A man who knows Merkel better than most and admits to being referred to as her “little pet” is David McAllister, 41, an up-and-coming member of the Christian Democratic Union (CDU) and prime minister of Lower Saxony who has been tipped as a future chancellor (and also happens to be half Scottish). He puts her success down to her commonality. “There’s no ballyhoo with her,” he says. “She’s very direct and down to earth. What Germans love is they see her on Friday in Brussels with Hollande, Obama, Cameron, whoever, and then they see in their newspaper the next day how directly after that she went shopping for her supper in the supermarket. The photograph of that wasn’t fixed. Everyone knows that that’s the way she is.”
He also credits her with modernising the CDU, a party whose members – typically Catholic, male, western, family-oriented – she has led as a Lutheran, eastern, childless woman. “I think there are hundreds of thousands of people in this country who now vote for the CDU who wouldn’t have done before her,” McAllister added.

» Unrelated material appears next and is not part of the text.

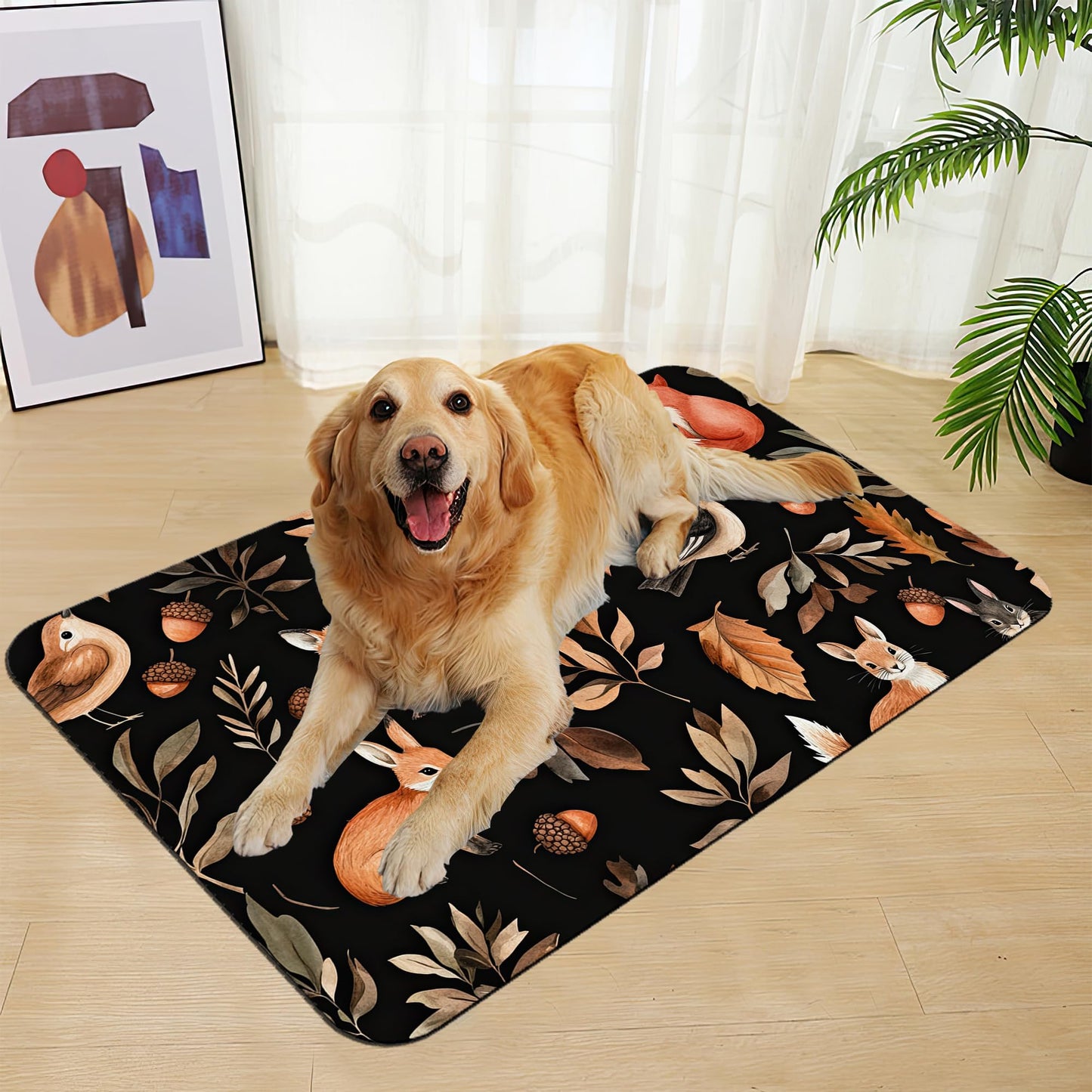 Wild Forest Animals Pet Feeding Mat–Quick Dry Absorbent Dog Cat Food Mat, Non Slip Waterproof Bowl Placemat for Messy Eaters, Pet Accessories for Floors 12"x20"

He said that while well aware that Germans tend to vote for a party rather than a personality, the CDU is desperately trying to persuade people “if you want Angela Merkel you’ve got to vote for the CDU,” in recognition of how strong the Merkel factor is.
Others are less charitable. The academic and former adviser to Helmut Kohl Gertrud Höhler, describes her as furtive, dangerous and a threat to Europe in her new book, The Godmother: How Angela Merkel Is Reshaping Germany, in which she coins the phrase “System M” to describe Merkel’s modus operandi. “For years, the press has concentrated on the question as to whether she governs well, or badly, or perhaps not at all,” said Höhler. “In reality, Merkel has developed an autocratic system,” she said, and has “already installed an autocratic regime”.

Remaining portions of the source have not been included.